I bought a whole bunch of 24' strands of Forever Bright LED Christmas lights - The wiring is kinda strange - two wires out of the plug, three wires from light to light, and then two wires to the plug at the far end. Can these strands be shortened ? If I cut it into two 12' strands, can I wire a new plug for the part I cut off ? Any help appreciated. Sorry, I posted this at the flashlight side first, and didn't get any responses.

Dave
[email protected]


----------



## Lynx_Arc (Nov 24, 2004)

Without seeing the actual wiring you got me what is going on. As for shortening them, most light chains where individual bulbs (or LEDs) are not designed for 120v alone rely on the group of them in a chain fashion to drop the voltage equally. I suspect this chain may be operating at a voltage differing from 120v across all LEDs from end to end, possibly 2-3 chains adding up to the total current or maybe even groups of a few leds wired in parallel. 

Hopefully someone with a chain of these will chime in, but for now until you know how they are wired cutting them short and rewiring may end up blowing a bunch of them.


----------



## digger03 (Nov 29, 2004)

Thanks for the reply - I lost my nerve to cut them, and just used them at 24' lengths - when I ran too long, I turned a corner, and started up another side of the house - it was dangerous in places (precariously perched on a steep sloped roof, trying to plug to sets together), but it all worked out. 

Dave


----------



## rwolff (Dec 27, 2004)

[ QUOTE ]

The wiring is kinda strange - two wires out of the plug, three wires from light to light, and then two wires to the plug at the far end.


[/ QUOTE ]

My guess is that if you look closely, only the bulb at each end of the string has 3 wires (the others have 2).
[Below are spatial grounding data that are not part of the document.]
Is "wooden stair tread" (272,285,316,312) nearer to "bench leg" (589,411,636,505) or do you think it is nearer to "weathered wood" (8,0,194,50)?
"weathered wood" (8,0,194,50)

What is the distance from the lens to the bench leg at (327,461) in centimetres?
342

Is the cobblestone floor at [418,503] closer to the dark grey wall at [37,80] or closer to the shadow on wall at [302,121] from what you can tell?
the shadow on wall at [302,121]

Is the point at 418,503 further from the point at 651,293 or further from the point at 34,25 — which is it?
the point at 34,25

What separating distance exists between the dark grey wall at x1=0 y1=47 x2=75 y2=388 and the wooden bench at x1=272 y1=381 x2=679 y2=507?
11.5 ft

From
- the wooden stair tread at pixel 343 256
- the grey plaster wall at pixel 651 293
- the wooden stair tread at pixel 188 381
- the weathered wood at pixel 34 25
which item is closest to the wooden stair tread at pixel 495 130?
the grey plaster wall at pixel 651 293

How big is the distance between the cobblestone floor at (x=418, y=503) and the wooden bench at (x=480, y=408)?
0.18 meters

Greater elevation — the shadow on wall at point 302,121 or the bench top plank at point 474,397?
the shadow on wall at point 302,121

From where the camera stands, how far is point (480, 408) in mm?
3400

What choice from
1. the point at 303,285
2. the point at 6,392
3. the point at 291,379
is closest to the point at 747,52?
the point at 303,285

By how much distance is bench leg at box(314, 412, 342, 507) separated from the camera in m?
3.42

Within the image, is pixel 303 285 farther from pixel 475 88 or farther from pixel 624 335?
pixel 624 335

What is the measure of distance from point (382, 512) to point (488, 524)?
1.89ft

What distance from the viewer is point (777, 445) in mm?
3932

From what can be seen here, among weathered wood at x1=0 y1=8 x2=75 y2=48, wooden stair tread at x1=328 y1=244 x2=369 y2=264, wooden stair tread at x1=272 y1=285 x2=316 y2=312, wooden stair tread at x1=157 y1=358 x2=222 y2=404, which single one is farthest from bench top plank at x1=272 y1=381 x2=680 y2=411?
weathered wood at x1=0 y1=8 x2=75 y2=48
What happens is this:

----+------------------------------------
|
B---b---b---b---b---b---b---b---B
|
------------------------------------+----

where "B" is a 3-wire bulb (the junction in the main branch happens in the bulb holder), and "b" is a 2-wire bulb. The 3rd wire in the string is to allow end-to-end connections.
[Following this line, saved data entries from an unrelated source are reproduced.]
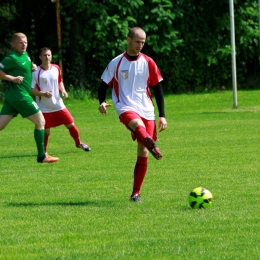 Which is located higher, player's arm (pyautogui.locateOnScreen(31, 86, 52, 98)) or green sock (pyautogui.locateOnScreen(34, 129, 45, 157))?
player's arm (pyautogui.locateOnScreen(31, 86, 52, 98))

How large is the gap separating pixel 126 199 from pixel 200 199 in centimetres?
108

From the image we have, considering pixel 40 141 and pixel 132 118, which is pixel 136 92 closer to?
pixel 132 118

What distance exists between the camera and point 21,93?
1279 cm

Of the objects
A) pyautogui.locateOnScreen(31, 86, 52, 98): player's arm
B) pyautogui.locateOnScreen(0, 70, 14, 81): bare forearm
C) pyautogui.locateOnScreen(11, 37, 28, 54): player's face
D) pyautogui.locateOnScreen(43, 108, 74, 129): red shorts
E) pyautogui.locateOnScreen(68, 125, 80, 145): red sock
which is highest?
A: pyautogui.locateOnScreen(11, 37, 28, 54): player's face

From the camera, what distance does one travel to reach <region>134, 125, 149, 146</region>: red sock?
8.28 metres

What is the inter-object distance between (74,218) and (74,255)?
1.67 m

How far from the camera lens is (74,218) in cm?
772

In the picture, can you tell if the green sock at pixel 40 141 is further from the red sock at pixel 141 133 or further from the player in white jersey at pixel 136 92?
the red sock at pixel 141 133

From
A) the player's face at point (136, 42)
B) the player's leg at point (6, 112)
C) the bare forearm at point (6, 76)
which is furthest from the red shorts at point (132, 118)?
the player's leg at point (6, 112)

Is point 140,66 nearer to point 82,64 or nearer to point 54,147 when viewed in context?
point 54,147

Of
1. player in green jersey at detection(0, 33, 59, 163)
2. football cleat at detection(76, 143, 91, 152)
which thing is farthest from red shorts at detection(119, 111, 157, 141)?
football cleat at detection(76, 143, 91, 152)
Other than this third wire, it's a normal series-connected string, so cutting into it to reduce the number of bulbs is a BAD THING (remember what happens with ordinary minilights when a bulb burns out and the shorting link triggers to keep the others lit? They get a bit brighter because there's more voltage for each one.) Unless I miss my guess, the manufacturer is counting on the forward voltage drop for all the LEDs to avoid overdriving (I've got a 70 light string, and this results in a peak voltage of 2.4V per LED - low enough to be reasonably safe without a ballast resistor). Of course, you could add a ballast resistor to take into account the voltage that would be dropped across the missing bulbs if you shorten the string (but then you'd have to make sure the DIY connections were weatherproof). Alternately, you could shorten the string without using a ballast resistor, and be the first on your block to have SED (smoke-emitting diode /ubbthreads/images/graemlins/ooo.gif ) Christmas lights.


----------